The last four posts here at "Beyond Musicology and Further..." are just among some interesting albums that I dicovered thanks to my good friend MFP (aka LRR), him and family come to Sintra, which allowed us to meet at last, after 4 years of virtual trade, back and forth emails. Thanks for your visit.
The best way to describe this is folkatronica; the term is a little outmoded now but it’s the closest fit for the picky acoustic guitar, fretful vocals and electronic textures produced by Frenchman Don Niño, a.k.a. Nicolas Laureau, who's now on his fourth record in this guise. Though solo, he’s worked on this album with members of NLF3, Mogwai (Luke Sutherland) and his brother Fabrice Laurent (a.k.a. F.Lor).

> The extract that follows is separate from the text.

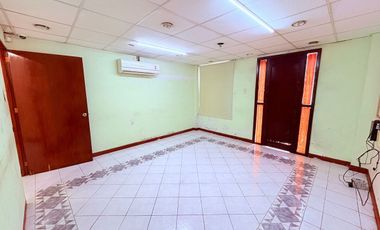 Corporativo en Venta en Veracruz en Col. Centro de 3 pisos sobre AV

This is folk music from the urban jungle, a twisted superstructure of guitars, percussion, harmonium, synths and assorted effects. He hymns the joy of repetition throughout, little phrases looped like mantras as in ‘Everything Collapsed All Right’, while Eno’s ambient efforts come to mind within ‘Cuckoo’’s peaceful dreamworld. Other songs are more meditative and atmospheric, full of slow, hazy susurration where the electronic backing ebbs and flows like a stormy sea on a naked beach. Meanwhile the whizzes, whooshes and tweets of ‘Free Birds’ (a bonus track) subverts the peace of what’s gone before, sounding like the hysterics of a city zoo at feeding time. But if you’re looking for pop content rather than atmospheric soundscapes, the haunting melodic repetitions of ‘Souls In The Parlour’ stick in the mind, as does the beaty rhythms and strange effects of the curiously catchy ‘She’s Resisting’.
It’s a strange one, an old-fashioned patchwork of folky loops and fragments, aspiring to Grizzly Bear maybe, but it’s one for pressing play and lying back without thinking too hard.